As it has for the past several weeks, the immigration crisis on the United States-Mexico border is dominating U.S. and international headlines this morning.

The Associated Press reports that ahead of a regional summit on the issue in Nicaragua on Thursday, the UN Refugee Agency is calling on U.S. and Central American authorities to recognize the increased numbers of undocumented migrants as refugees, seeking to escape violence in their home countries.

While doing so would carry no legal implications in the U.S., it would likely increase pressure on officials to treat the influx of immigrants as a humanitarian issue and afford them greater protections. This would also make the waves of Guatemalans, Salvadorans and Hondurans “among the first modern migrants considered refugees because they are fleeing violence and extortion at the hands of criminal gangs,” the AP notes.

Such a switch in tone seems unlikely to take a hold in the current U.S. political climate, however. Just last Saturday Defense One reported that Gen. John Kelly, head of U.S. Southern Command, told the news site that he viewed the wave of undocumented immigration as an “existential” threat to national security in the U.S. on par with drug trafficking, and called on Congress to increase funding for his task force.
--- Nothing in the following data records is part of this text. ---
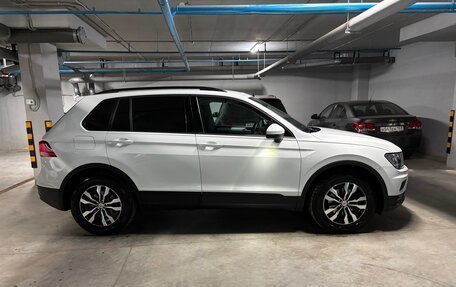 Volkswagen Tiguan II, 2020 год, 2 437 000 рублей, 7 фотография
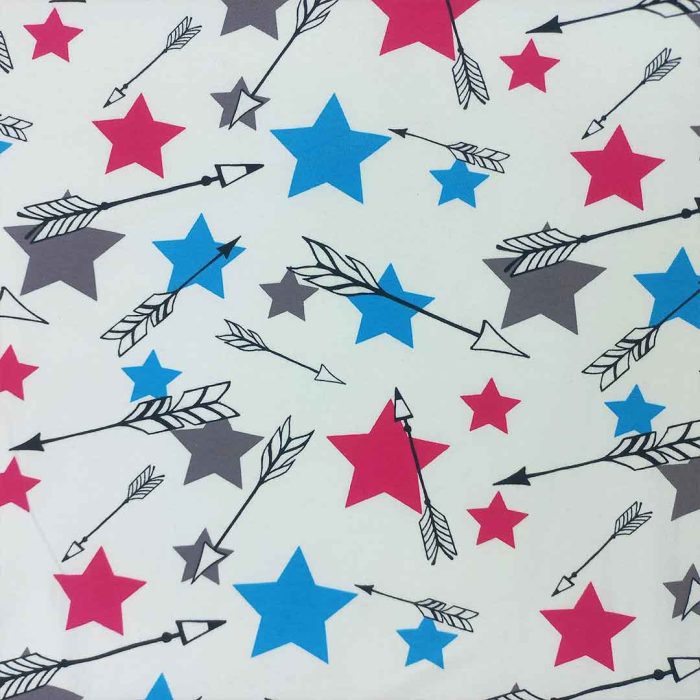Cotton Lycra Printed -27 - Image 2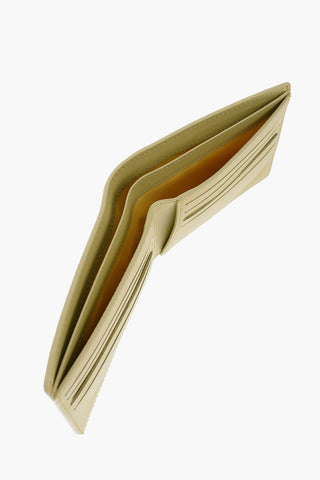 MM11 Textured Leather Continental Wallet
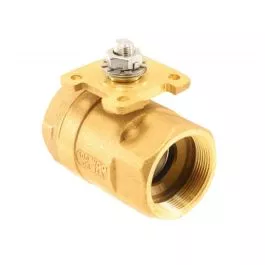 Belimo B249VS 2-Way NPT Bronze Ball Valve 108Cv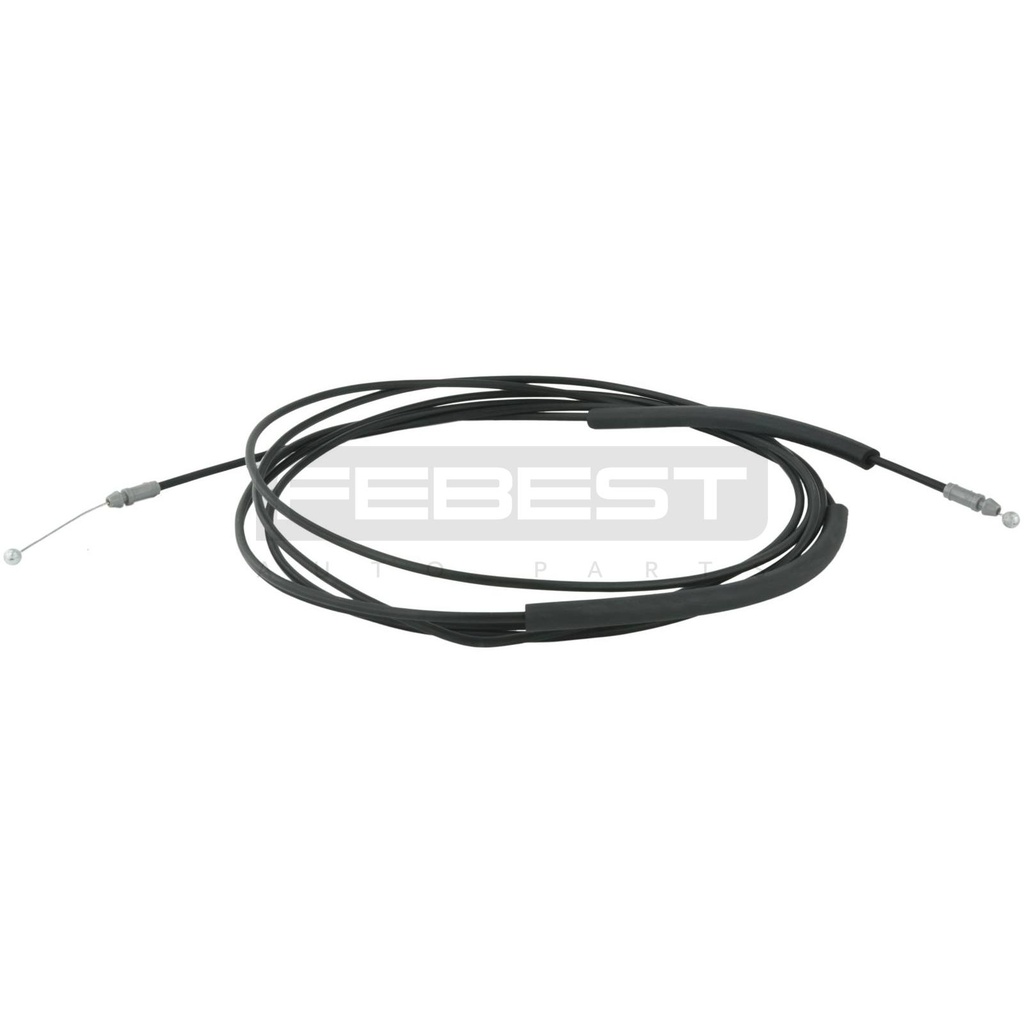 Cable assembly tailgate lock control FEBEST – TOYOTA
The New York Times highlights one of the ironies of Congressional Republicans using the situation on the border to criticize the Obama administration’s immigration policies: the fact that a law which makes it more difficult for undocumented minors to be deported swiftly was passed by the House and Senate unanimously in the waning days of the Bush administration.

IPS has a solid report on the threats faced by those making the journey northward, and the impact that the wave of migrants has had on shelters along migration routes in Mexico.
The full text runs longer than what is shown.